200-year-old ‘unviable’ Norfolk Broads pub could be converted into homes
PUBLISHED: 13:05 18 February 2019 | UPDATED: 15:16 18 February 2019
An 18th century Broads pub which has been empty since 2016 could be converted into new homes despite councillors refusing the plans.
Suffolk-based company Elizabeth Estates is hoping to turn the Kings Arms in South Walsham into two properties, claiming the premises is in an “unviable” business location.
In a planning application submitted to Broadland District Council, it claims the pub’s past two tenants both became bankrupt.
Despite this, Broadland refused the application in August last year, stating the applicant had provided insufficient information to back up its viability claims.
Now, Elizabeth Estates has appealed that refusal, meaning an independent planning inspector could allow for the conversion to go ahead.
While the pub building, located on Panxworth Road, would be retained, it would be converted into two new homes.
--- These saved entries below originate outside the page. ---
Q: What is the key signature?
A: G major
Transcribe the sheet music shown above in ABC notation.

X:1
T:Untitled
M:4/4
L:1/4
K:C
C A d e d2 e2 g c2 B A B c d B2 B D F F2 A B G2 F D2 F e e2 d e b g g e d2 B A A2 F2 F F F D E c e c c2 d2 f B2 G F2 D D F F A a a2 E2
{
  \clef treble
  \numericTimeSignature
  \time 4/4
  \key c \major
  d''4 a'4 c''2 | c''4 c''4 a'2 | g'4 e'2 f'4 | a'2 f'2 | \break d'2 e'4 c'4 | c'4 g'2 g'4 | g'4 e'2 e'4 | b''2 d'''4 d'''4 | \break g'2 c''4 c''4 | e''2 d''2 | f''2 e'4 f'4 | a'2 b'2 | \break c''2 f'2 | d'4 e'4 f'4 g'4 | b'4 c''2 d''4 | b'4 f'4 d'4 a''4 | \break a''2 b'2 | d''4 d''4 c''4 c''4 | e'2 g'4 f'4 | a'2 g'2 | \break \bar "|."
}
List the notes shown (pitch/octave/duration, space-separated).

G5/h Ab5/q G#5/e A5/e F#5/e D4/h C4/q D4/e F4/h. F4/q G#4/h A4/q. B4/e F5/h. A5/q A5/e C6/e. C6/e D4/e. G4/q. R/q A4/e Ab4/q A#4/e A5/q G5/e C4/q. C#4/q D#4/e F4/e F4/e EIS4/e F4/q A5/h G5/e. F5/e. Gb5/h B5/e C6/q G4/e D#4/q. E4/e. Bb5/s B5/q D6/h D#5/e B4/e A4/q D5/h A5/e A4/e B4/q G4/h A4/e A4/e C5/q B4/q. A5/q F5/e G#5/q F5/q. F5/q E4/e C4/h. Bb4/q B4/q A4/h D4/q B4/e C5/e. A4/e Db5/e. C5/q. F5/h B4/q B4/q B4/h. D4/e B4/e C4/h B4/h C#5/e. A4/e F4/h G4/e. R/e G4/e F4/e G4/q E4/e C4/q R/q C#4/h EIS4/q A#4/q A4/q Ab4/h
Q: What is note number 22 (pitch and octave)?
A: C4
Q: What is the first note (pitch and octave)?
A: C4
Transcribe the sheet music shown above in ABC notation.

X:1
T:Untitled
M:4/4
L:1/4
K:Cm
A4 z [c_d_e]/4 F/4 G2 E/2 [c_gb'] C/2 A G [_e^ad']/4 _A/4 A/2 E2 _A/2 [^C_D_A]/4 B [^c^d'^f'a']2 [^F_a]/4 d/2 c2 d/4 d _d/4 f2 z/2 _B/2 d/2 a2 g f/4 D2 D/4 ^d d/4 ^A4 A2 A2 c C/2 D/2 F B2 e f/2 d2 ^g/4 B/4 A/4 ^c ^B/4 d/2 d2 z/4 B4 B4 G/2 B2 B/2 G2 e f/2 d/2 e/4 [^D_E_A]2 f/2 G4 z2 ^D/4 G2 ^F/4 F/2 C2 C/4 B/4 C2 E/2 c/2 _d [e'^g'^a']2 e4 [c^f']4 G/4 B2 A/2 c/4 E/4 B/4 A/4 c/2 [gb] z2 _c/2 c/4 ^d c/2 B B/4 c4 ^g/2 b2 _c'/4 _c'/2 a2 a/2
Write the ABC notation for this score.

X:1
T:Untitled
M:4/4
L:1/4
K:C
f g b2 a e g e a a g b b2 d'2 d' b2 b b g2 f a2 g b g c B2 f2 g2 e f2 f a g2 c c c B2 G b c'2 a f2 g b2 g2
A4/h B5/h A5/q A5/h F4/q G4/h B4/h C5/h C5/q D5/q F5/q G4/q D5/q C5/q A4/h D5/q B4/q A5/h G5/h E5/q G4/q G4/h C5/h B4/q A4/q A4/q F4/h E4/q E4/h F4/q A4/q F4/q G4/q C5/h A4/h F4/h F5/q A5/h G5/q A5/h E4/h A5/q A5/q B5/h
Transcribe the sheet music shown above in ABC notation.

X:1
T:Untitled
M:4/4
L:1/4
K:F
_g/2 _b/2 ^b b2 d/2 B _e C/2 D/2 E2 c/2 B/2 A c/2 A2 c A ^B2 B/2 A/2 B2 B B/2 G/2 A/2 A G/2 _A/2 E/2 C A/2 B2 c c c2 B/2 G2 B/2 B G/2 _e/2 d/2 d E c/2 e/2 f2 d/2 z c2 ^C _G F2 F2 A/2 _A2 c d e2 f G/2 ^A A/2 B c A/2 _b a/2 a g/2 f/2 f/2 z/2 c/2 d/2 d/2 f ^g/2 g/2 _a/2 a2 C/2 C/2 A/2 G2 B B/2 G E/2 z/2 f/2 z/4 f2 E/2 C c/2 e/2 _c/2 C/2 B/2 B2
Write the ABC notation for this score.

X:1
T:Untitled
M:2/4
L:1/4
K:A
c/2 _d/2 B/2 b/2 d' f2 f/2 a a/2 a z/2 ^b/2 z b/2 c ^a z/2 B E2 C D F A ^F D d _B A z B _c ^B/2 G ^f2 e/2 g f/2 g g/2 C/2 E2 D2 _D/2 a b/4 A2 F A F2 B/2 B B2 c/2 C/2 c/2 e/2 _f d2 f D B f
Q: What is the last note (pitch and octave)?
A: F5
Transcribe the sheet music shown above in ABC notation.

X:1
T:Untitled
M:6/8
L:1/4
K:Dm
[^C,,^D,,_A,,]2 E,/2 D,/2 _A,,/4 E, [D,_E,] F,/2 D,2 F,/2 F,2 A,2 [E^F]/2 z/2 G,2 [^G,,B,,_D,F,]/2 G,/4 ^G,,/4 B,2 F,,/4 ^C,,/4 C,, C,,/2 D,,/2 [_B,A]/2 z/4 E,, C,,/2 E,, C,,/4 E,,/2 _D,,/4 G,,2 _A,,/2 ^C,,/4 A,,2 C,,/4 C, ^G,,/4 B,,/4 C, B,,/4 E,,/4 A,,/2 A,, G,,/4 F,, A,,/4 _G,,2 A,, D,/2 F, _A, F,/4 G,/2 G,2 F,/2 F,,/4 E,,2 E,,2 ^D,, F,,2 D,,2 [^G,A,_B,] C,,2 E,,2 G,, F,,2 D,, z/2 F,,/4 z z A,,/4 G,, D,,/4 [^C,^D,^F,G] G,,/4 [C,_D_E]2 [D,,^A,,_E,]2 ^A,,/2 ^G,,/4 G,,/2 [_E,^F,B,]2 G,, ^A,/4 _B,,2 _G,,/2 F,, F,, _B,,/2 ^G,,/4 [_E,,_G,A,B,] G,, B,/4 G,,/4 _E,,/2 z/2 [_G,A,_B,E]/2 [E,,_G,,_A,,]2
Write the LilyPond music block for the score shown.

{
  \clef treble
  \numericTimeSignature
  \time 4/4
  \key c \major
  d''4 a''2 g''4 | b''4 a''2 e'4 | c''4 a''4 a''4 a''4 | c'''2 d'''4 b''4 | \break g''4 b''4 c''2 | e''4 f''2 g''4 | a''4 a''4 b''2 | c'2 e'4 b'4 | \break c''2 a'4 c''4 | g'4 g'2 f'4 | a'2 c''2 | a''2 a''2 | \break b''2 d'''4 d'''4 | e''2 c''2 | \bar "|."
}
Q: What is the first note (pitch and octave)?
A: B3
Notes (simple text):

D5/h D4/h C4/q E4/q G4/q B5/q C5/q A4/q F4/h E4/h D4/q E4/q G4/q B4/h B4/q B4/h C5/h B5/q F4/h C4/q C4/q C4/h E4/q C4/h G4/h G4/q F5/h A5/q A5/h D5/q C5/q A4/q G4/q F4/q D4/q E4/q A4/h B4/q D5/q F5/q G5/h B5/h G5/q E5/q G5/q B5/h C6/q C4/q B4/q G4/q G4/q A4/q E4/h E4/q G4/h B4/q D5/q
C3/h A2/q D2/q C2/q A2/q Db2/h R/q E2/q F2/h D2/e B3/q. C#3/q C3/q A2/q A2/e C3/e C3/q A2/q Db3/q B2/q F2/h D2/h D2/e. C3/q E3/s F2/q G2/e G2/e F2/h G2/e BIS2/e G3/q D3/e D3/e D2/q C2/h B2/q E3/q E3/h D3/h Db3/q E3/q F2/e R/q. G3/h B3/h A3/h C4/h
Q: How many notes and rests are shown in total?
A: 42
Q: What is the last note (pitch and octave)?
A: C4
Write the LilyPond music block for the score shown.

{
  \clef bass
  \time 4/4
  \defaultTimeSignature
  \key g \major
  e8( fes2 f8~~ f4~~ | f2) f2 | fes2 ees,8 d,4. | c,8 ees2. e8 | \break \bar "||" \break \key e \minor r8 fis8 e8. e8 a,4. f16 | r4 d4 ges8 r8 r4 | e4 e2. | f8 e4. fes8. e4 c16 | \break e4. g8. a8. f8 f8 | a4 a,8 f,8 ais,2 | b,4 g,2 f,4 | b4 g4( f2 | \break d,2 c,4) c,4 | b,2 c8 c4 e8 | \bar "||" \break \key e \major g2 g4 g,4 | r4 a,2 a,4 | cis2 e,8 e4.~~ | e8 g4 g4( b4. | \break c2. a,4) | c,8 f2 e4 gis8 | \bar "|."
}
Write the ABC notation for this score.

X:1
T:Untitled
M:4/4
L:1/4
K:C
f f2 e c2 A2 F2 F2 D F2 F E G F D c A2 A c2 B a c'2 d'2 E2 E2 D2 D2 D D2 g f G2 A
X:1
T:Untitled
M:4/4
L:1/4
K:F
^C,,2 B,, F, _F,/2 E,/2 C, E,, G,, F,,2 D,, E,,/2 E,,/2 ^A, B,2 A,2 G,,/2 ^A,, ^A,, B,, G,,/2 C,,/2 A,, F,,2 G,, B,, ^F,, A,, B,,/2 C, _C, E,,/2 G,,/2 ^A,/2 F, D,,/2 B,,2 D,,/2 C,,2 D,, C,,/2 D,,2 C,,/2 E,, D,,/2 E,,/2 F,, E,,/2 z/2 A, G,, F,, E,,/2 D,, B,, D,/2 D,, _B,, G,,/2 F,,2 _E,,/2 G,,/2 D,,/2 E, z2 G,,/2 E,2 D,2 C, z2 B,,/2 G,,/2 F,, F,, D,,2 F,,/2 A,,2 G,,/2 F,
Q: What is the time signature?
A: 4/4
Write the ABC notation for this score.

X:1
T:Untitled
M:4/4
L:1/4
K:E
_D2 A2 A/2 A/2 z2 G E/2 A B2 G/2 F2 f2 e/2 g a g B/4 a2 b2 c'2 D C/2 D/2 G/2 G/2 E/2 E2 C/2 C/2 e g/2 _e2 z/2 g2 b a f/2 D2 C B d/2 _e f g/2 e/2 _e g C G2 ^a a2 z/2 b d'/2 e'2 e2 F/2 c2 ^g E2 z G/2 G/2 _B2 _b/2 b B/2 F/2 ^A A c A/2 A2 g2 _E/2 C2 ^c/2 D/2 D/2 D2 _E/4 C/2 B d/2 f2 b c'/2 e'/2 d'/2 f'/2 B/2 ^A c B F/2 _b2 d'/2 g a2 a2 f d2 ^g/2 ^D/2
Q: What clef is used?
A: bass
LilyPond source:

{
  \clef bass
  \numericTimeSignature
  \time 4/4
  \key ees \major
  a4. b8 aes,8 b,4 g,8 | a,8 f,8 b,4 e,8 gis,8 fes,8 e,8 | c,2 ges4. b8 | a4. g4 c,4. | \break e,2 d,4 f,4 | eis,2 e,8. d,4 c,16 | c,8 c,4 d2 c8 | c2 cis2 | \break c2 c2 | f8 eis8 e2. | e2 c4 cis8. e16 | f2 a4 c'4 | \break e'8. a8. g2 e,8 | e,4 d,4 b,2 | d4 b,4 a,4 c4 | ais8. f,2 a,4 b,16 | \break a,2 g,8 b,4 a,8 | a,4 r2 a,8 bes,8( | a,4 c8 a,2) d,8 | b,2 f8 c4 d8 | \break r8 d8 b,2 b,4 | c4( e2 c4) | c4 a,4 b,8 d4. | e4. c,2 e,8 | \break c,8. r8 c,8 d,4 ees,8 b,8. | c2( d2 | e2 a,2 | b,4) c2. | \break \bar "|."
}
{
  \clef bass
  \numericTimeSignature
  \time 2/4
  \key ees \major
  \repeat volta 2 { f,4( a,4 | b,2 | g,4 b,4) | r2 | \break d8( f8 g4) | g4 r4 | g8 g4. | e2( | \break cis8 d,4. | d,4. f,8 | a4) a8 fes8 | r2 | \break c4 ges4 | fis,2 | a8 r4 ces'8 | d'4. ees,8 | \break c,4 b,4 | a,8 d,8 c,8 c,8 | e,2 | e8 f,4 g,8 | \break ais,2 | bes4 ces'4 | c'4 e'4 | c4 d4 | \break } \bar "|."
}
A bungalow would also be built to the rear of the site.
In an appeal document, Elizabeth Estates said: “The Kings Arms is one of those premises where the passing trade has diminished in this location, creating an unviable business location.
“This can be qualified by the failure of the last two tenants, who sadly each became bankrupt.”
The company said the success of the near by Ship Inn had a “large effect” on the Kings Arms when it was trading as a pub and a restaurant.
It said no “suitable” tenants had been found to take on the premises despite being on the market with two specialist agents.
The appeal document said: “Since becoming vacant the property has also suffered from break-ins and criminal damage, along with no tenants coming forward leads the applicants to seek redevelopment of the site in their ownership.”
A date has not been set for the appeal to be heard at a planning inquiry.
Refusing the application last year, Broadland council said the building’s conversion would result in the loss of a local service to South Walsham.
It also said no evidence had been provided to show the building had been marketed.
According to the Norfolk Pubs website, the Kings Arms first received its licence on September 9, 1789.